April 10, 2006
Monday Musing: Al Andalus and Hapsburg Austria
One probably apocryphal story of the Alhambra tells of how Emir Al Hamar of Gharnatah (Granada) decides to begin the undertaking. One night in the early 13th century, Al Hamar has a dream that the Muslims would be forced to leave Spain. He takes the dream to be prophetic and, more importantly, to be the will of God. But he decides that if the Muslims are to leave Spain, then they would leave a testament to their presence in Spain, to al Andalus. So Al Hamar begins the project (finished by his descendants) that would result in one of the world’s most beautiful palaces, the Alhambra. Muslim Spain was still in its Golden Age at this point, but also just two and a half centuries before the expulsion/reconquest. The peak of the Golden Age had probably passed, with its most commonly suggested moment coinciding with the life of the philosopher ibn Rushd, or Averroes (1126-1198 C.E.).
Muslim Spain plays an interesting role in different contemporary political imaginations. For Muslim reformers, it is an image of a progressive, forward looking and tolerant period in Islam, where thinkers such as ibn Rushd could assert the primacy of reason over revelation. For radical Islamists, it’s a symbol of Islam at the peak of its geopolitical power.

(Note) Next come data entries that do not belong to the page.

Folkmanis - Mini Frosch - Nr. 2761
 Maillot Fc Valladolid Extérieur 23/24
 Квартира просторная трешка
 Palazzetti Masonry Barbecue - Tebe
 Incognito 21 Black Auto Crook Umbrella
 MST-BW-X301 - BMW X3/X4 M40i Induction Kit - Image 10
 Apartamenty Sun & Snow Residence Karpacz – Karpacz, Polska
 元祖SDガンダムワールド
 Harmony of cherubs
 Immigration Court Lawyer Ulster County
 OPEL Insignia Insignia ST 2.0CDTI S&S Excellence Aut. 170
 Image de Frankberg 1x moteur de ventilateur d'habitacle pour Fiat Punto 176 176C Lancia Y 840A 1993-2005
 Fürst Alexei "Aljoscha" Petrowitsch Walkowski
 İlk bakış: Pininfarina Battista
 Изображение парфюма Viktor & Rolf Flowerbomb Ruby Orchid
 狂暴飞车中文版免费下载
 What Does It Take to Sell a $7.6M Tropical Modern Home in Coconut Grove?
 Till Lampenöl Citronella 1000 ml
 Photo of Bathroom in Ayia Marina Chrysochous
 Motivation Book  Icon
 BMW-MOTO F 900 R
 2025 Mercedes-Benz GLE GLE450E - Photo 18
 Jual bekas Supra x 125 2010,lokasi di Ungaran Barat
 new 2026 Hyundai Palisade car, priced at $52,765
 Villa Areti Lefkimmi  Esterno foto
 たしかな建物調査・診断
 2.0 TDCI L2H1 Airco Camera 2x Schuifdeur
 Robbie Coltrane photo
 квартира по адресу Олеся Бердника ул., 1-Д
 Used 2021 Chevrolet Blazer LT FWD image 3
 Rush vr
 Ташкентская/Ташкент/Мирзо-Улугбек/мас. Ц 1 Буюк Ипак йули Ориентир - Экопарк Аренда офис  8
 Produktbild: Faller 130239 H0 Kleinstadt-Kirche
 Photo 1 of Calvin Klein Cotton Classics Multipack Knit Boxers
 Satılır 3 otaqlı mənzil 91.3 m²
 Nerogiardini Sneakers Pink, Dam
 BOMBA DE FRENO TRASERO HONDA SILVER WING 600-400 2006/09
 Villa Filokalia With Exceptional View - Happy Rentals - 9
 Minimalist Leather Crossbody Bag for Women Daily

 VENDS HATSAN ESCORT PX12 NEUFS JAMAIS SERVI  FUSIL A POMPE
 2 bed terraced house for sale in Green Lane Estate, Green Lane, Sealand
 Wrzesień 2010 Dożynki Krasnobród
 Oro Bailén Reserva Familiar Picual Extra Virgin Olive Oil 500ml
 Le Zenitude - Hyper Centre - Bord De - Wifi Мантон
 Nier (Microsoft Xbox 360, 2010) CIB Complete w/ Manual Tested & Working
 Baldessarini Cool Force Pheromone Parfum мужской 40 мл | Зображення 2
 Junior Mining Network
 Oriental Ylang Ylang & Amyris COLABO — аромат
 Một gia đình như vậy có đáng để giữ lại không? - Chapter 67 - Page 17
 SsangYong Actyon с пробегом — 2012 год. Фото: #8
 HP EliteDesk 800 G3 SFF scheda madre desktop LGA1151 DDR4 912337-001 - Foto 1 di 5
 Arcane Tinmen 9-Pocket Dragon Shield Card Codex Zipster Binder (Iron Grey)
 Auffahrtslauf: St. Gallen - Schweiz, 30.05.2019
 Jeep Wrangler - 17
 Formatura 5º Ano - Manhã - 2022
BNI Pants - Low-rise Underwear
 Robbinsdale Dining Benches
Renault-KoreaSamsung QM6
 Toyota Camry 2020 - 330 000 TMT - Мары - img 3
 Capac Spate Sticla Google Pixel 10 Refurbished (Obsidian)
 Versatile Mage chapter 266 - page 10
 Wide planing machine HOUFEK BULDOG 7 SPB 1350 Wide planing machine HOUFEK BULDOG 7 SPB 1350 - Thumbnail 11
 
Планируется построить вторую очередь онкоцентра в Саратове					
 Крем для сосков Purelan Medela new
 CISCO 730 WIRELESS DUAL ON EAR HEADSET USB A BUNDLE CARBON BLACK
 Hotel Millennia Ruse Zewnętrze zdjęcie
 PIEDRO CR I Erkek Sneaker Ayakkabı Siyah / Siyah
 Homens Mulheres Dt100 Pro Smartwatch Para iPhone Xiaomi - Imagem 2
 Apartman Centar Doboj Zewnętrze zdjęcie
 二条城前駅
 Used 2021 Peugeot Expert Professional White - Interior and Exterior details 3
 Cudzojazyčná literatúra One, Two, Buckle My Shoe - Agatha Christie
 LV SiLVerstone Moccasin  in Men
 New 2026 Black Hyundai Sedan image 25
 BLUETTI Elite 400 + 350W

For conservatives in the West it is a chapter in an off-again, on-again clash of civilizations. For Western progressives, it is an image of a noble, pre-modern multiculturalism tolerant of Christians and Jews. That is, for the contemporary imagination, it has become the political equivalent of a Rorschach.
I see no reason why I should be different in my treatment of Al Andalus (In all honesty, I react fairly badly, I cringe, when people speak of past cultures and civilizations as idyllic, free of conflict, and held together by honor, duty, and understanding. The only thing I’ve ever been nostalgic for is futurism.) Morgan’s post last Monday on Joseph Roth reminded me of Andalusian Spain, of all things.
The Hapsburg Empire is the other Rorschach for the imagination of political history. The Austro-Hungarian Empire carries far less baggage from their involvement with the present than Andalusia does, but it certainly suffered its fair share. The break up of the Soviet Empire and the unleashing of “pent up” or “frustrated” national aspiration had many looking to the Hapsburgs as a model of a noble, pre-modern multiculturalism.
My projection onto these inkblots of history is something altogether different. In the changing borders and bibliographies of Andalusian and Austrian history, I see societies that reach a cultural and intellectual peak as (or is it because?) they are overcome with panic about the end of their world. A “merry” or “gay apocalypse”, is how Hermann Broch, the author of the not so merry but apocalyptic Death of Virgil, described the period. This sentiment echoes not just in literature but even in a book as systematic as Karl Polyani’s The Great Transformation. Somehow it’s clear, Karl Kraus’ Grumbler, the pessimistic commentator who watches the world go mad and then be annihilated by the cosmos as punishment for the world war in The Last Days of Mankind, was lying in wait long before the catastrophe, that is, during the Golden Age itself.
The early 13th century was hardly a trough for the Moors in Spain, just as the period before World War I was not a cultural malaise for the Austrians, or the rest of Europe for that matter. Quite the contrary. If there is an image that these societies evoke, it is feverish activity, even if it’s not the image that, say, comes across in Robert Musil's endless description of the society, The Man Without Qualities. Broch would write himself to death in some bizarre twist on Scheherazade.
The inscriptions on the Alhambra, such as “Wa la ghalib illa Allah” (“There is no conqueror but God”), are written in soft stone. They have to be replaced, and thereby they require the engagement of the civilization that is to succeed the Moors. Quite an act of faith. While it may be the case that some such as Kraus (or Stefan Zweig) expected the end of all civilization, Austrian thought and writing of the era show a similar faith despite the Anschluss. Admittedly, you have to really look for it. And it certainly did export some of the better minds of the time—including Broch, Polyani, Karl Popper, and Friedrich von Hayek, albeit for reasons of horror and that are to its shame.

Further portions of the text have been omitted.